[Start of section]
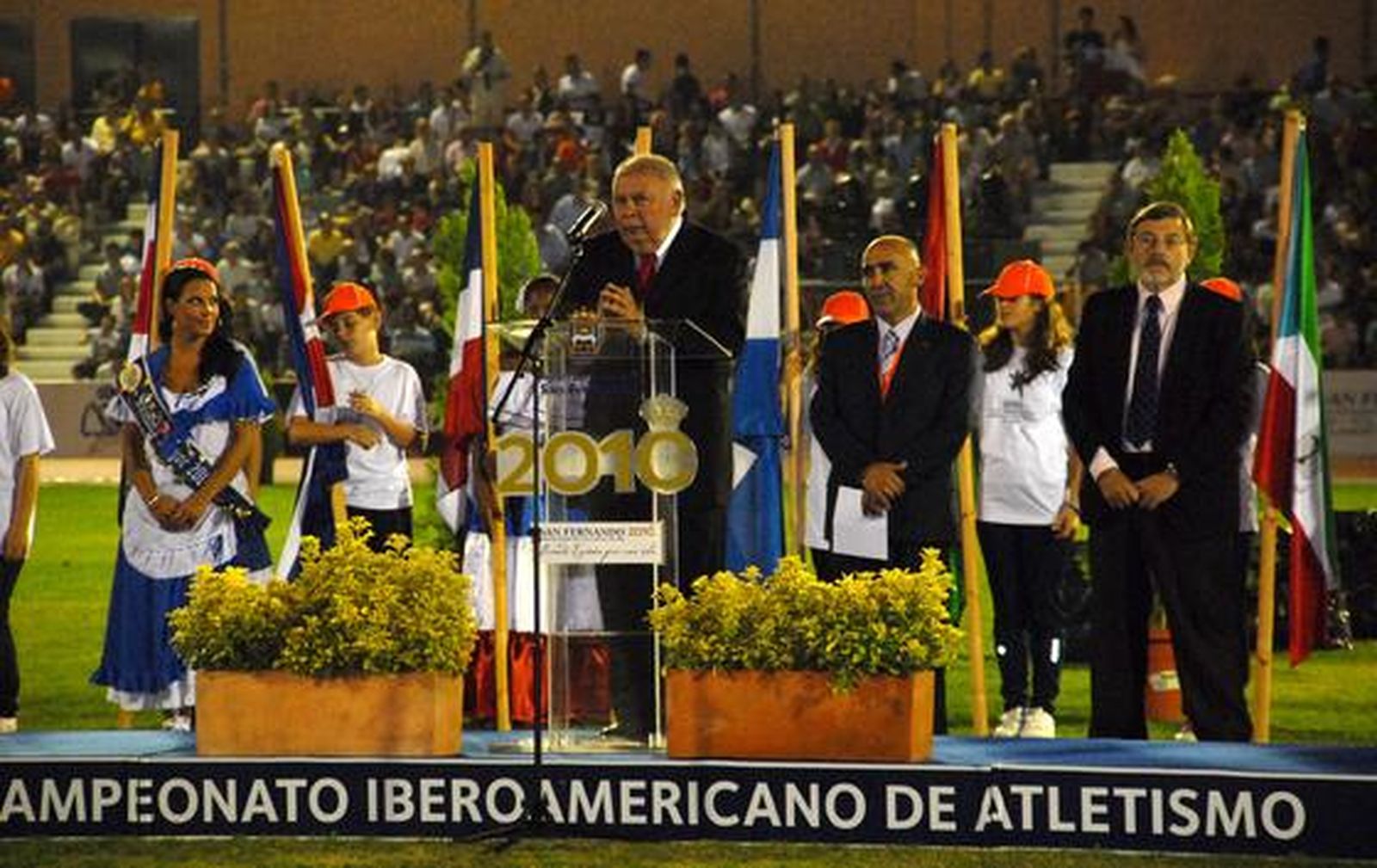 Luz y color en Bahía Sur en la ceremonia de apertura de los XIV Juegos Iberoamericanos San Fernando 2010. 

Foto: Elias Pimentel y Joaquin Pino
[End of section]
[Start of section]
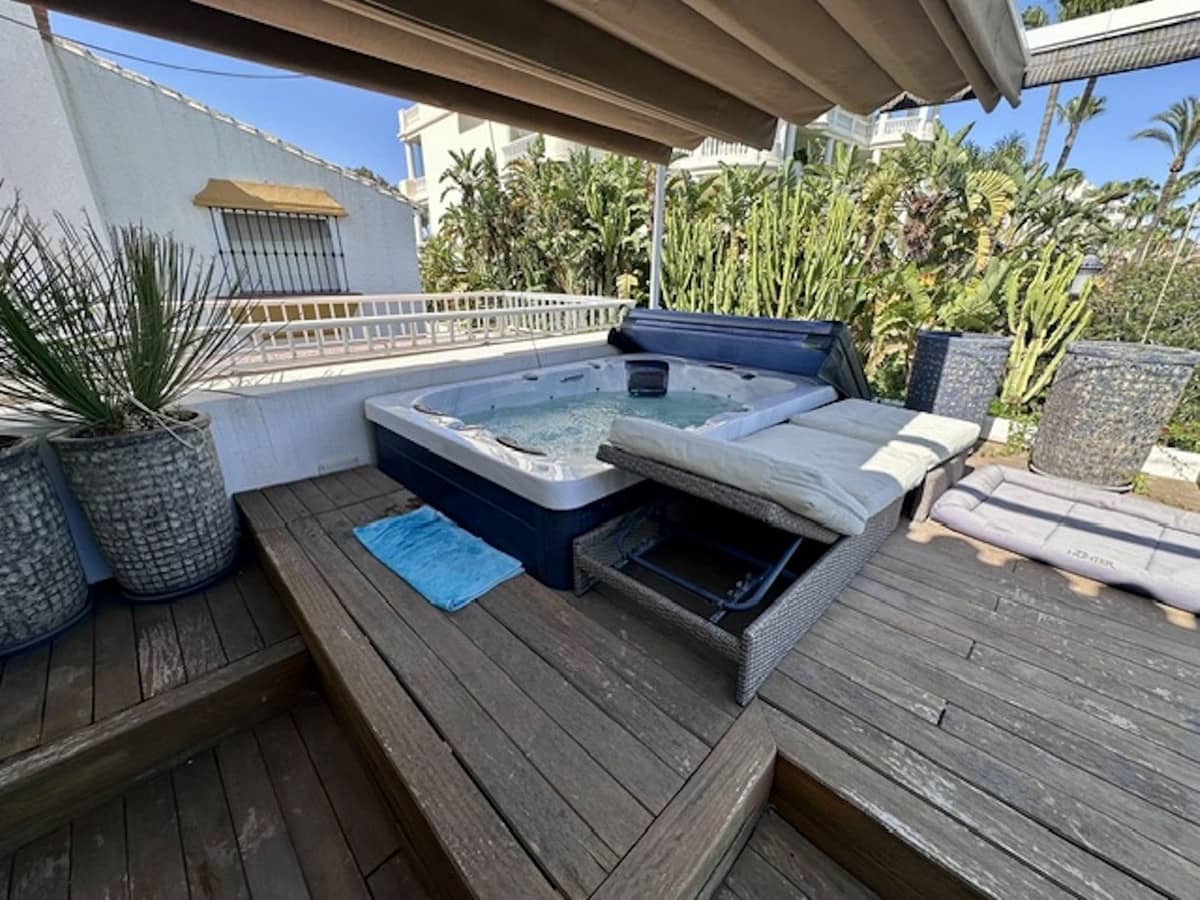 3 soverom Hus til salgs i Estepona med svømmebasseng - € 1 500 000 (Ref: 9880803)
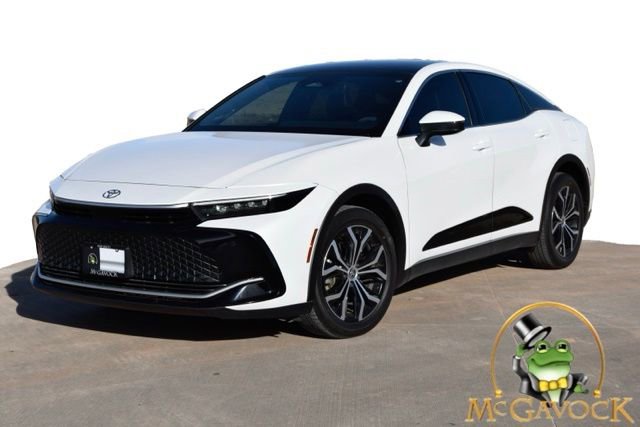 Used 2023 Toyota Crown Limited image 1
[End of section]
[Start of section]
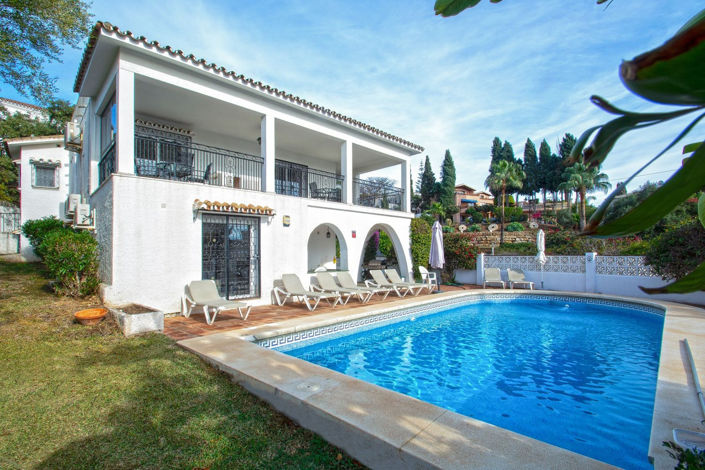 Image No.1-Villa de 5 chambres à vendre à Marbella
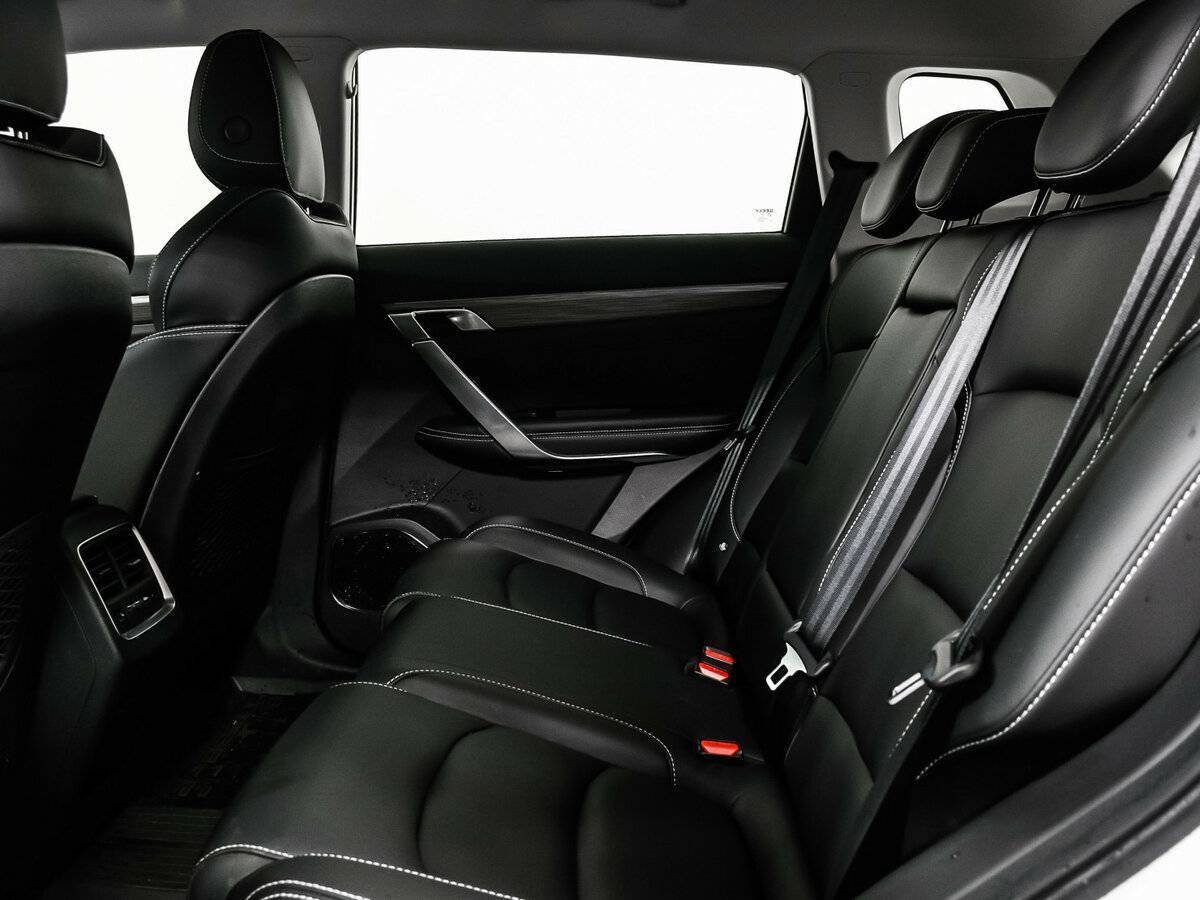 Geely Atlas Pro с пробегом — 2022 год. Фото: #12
[End of section]
• AIM OF THE EXERCISE
Look above for the line with "Luz y color", then give again exactly every line from there through the line with "Foto: Elias Pimentel y Joaquin Pino", skipping the pictures.

• SOLUTION
 Luz y color en Bahía Sur en la ceremonia de apertura de los XIV Juegos Iberoamericanos San Fernando 2010. 

Foto: Elias Pimentel y Joaquin Pino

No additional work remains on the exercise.